From waste to runway: Kenyan designers transform used clothes into art
In a dusty alley in the heart of Kenya's largest open-air market, fashion models strut down a makeshift runway in bold, upcycled outfits made from waste collected at dumpsites and market cast-offs -- proof that even trash can dazzle.
Every year, thousands of tonnes of used clothes from Europe, the United States, and beyond make their way to Kenya.
In 2023, Kenya overtook Nigeria to become Africa's largest importer of second-hand clothing according to a study from the US-based Massachusetts Institute of Technology (MIT).
Thousands of these bales land in Gikomba market near central Nairobi where tin-roofed stalls stretch across a five-acre labyrinth, one of the city's major economic hubs.
On a sunny afternoon last week, a huge crowd gathered to watch models sashay and pivot, showcasing pieces from bales once discarded as unwearable or unsellable.
"What? They've upgraded our clothes," one of the traders said with delight as he watched the show.
Gikomba Runway Edition brought together young, underground Kenyan designers and stylists for the first time, including 25-year-old "upcycling" specialist Morgan Azedy.
"I always see the environment around me dirty... I wanted to control pollution," he told AFP as he prepared his avant-garde outfits in his single-room home before the show.

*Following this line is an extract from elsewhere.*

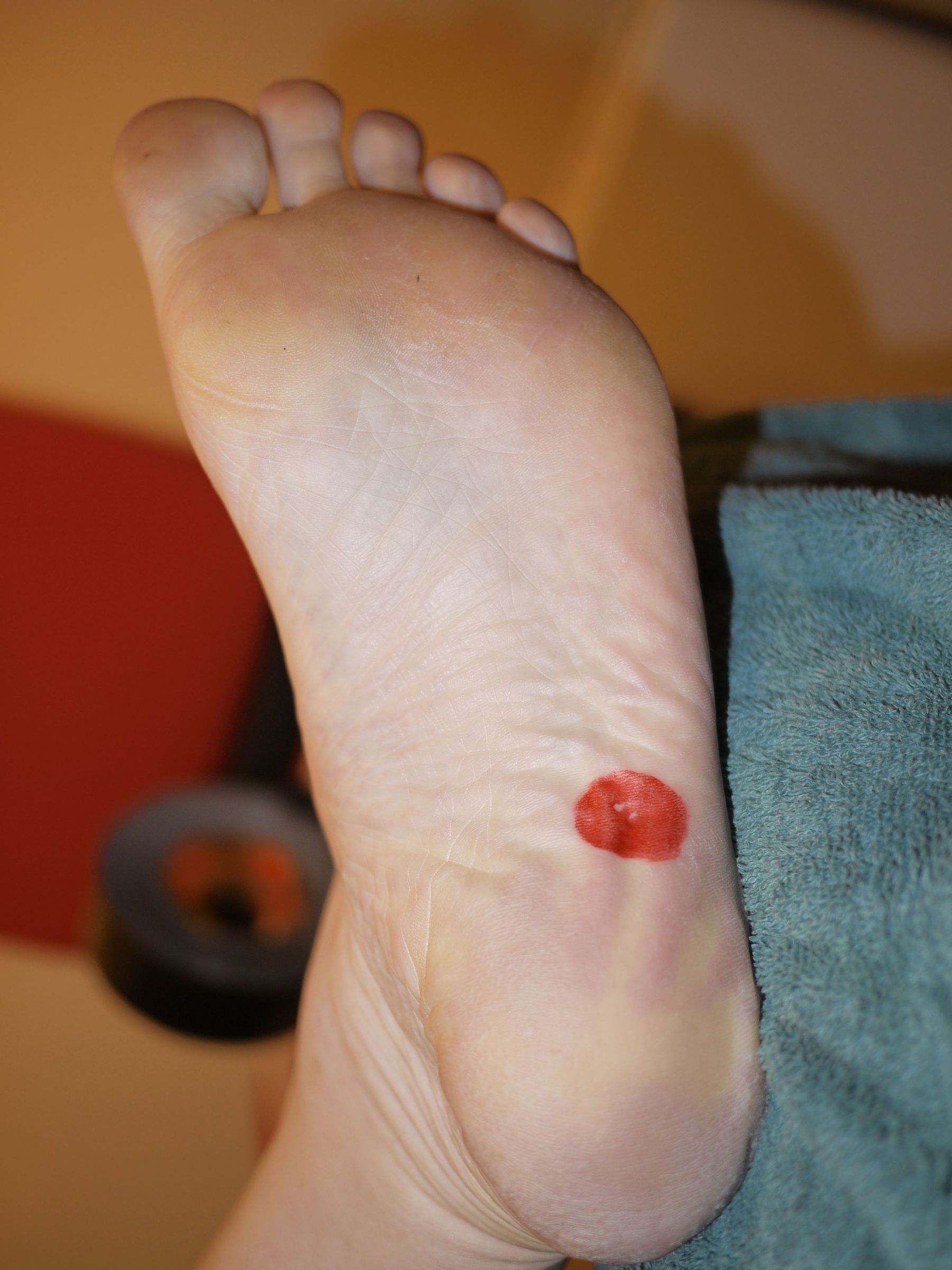 Effective Plantar Wart / Verruca Cure Using Duct Tape Occlusion Therapy (DTOT)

His "Kenyan Raw" collection featured streetwear denim and a gothic flair crafted entirely from recycled leather sourced from dumpsites and fashion rejects.
- 'Just garbage' -
Kenya imported about 197,000 tonnes of second-hand clothes worth $298 million in 2023, according to the MIT study.
The Environment for Development, a global research network, estimates that around a third are unusable items that end up in landfills -- mostly made from plastic-based materials like nylon and polyester that does not biodegrade.
Olwande Akoth, a designer showcasing her upcycled kimonos at the fashion show, once traded in second-hand bales but often felt disheartened by their poor quality.
"It's just garbage... the clothes you can't even wear, you wouldn't even give to a beggar," Akoth said.
The influx of second-hand clothes has employed hundreds of thousands of people across East Africa, from port handlers to traders, and provided a lot of affordable clothing.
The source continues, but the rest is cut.